Agustina tenía fama de acertar con la hierba que curaba cada dolencia y de ayudar en el trance a las parturientas dificultosas. Tenía diecisiete años y ese don.
Echáronse sendos mantones por encima y allá fueron.
La puerta calle estaba concurrida a pesar de las horas. En el patio, un hombre sentado a horcajadas lloraba sin vergüenza, impotente, viendo como su esposa agonizaba llevando su hijo dentro.
Agustina se paró en el quicio de la puerta. La mujer ya apenas gemía sumida en un estado de semiinconsciencia.
—Buenah nocheh, hermana, -le dijo poniendo la palma de su mano sobre el vientre. La partera vio a través de la piel que la criatura se movía. Se persignó asombrada de que estuviera aún viva.
Agustina le hablo dulcemente, “no tema, tu hijo estará ya mihmito en tuh brazos”.
La criatura venía de pies, asomaba uno por entre la tirante vulva. Untó su mano con aceite antes de meterla entre los sangrientos pliegues, guiando su camino.
—¡Empuja hermana!. La parturienta, con fuerzas que no imaginara jamás, la obedecía. La cabeza quedó encajada, Catalina y la partera desgranaban oraciones, Agustina en cambio, se veía segura y dueña de la situación, “¡Puja, puja!”, ordenaba.
Sus hábiles dedos de costurera porfiaron con la carne. Con un sonido de succión la cabeza quedó fuera. Una bufanda viscosa apretaba el cuello de una niña, tan pequeñita y morada como una berenjena.
La liberó del cordón que cayó a sus pies cual serpiente vencida. María sobre Belcebú.
Apretó el pechito y le dio el beso de la vida, pasándole su aliento. La comadrona metió el dedo en la boquita sacando mucosidad; entonces el diminuto milagro estornudó dos veces y rompió a llorar.
El camino de vuelta lo hicieron en silencio. Al llegar a su casa Catalina preparó una infusión de cebada mientras Agustina se lavaba. La tomaron migada con pan.

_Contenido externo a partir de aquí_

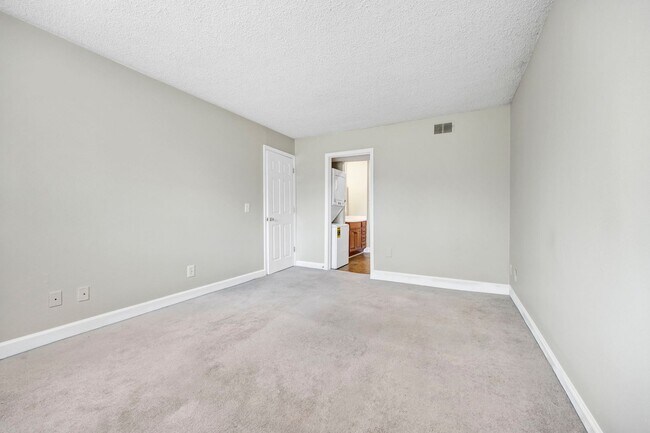 Building Photo - bg1115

—Man dicho que tieneh mano santa pa lo enfermo.
—No sé, madre. Solo hago lo que puedo pá ayudá a lo que sufren, ¿sabe osté que le querían poné mi nombre a la niña?, le he dicho que se llame Reye, por la fecha.
—Po bien bonito que é... anda, termina y noh acostamo que mañana es casi hoy.
Al besar a su hija le pareció que se había vuelto mayor de repente.
—¡Que su don no le traiga pesareh, madre mía!, - rogó para sí, abrazándola como cuando era chica.